TASK INPUTS -
::::::::::

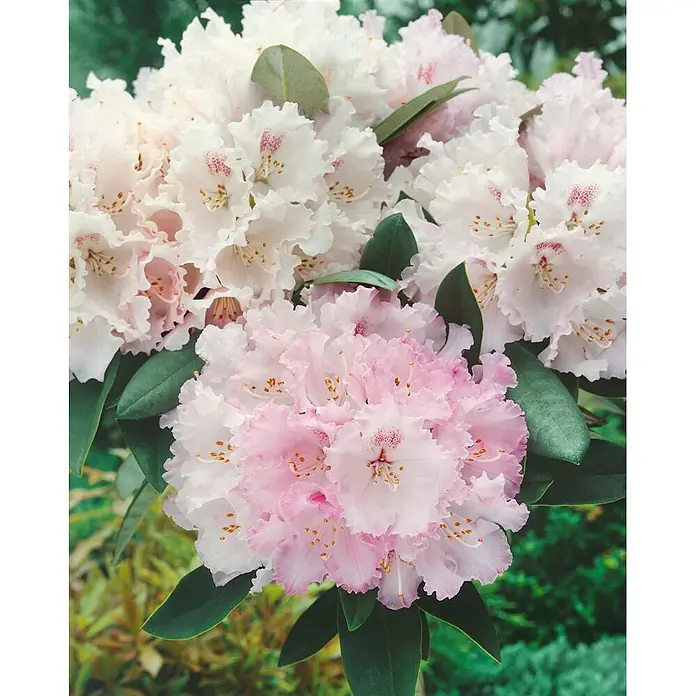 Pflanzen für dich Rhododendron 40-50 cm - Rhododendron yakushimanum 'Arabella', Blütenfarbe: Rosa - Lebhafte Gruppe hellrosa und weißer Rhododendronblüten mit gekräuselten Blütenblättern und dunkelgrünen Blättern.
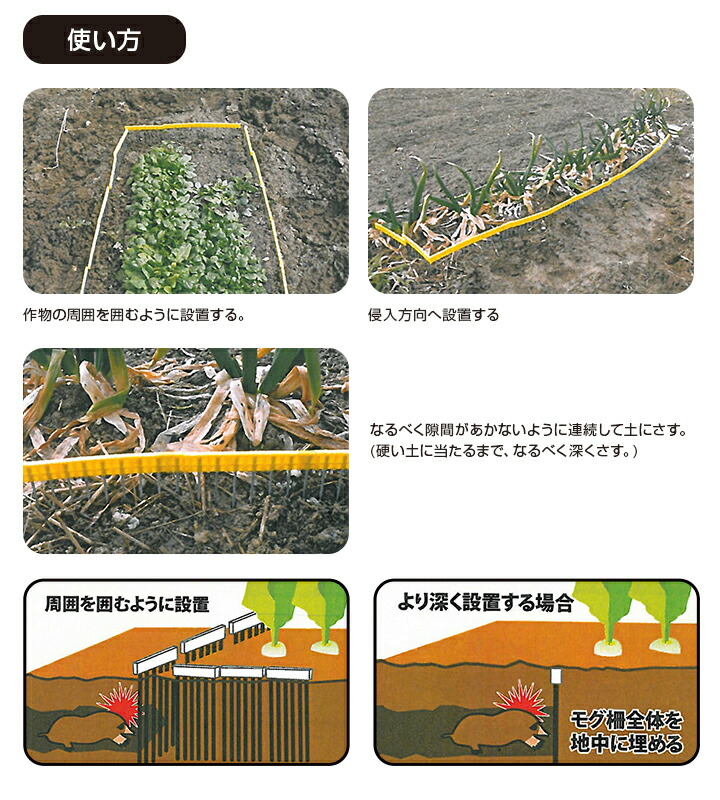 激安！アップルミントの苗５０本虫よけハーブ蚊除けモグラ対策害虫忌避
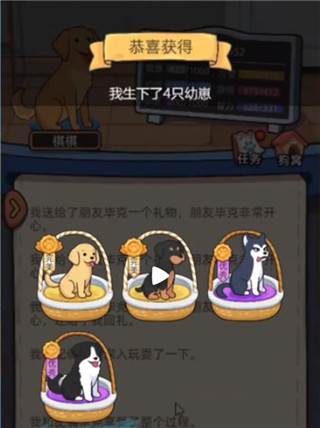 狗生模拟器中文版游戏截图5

::::::::::

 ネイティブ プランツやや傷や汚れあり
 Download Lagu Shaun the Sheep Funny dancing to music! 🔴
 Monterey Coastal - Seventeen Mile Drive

::::::::::

EXERCISE -
Range to copy from the listing above: the line with "激安！アップルミントの苗５０本虫よけハーブ蚊除けモグラ対策害虫忌避" through the line with "狗生模拟器中文版游戏截图5". Transcribe it exactly and skip the pictures.

SOLUTION TO THIS PROBLEM -
 激安！アップルミントの苗５０本虫よけハーブ蚊除けモグラ対策害虫忌避
 狗生模拟器中文版游戏截图5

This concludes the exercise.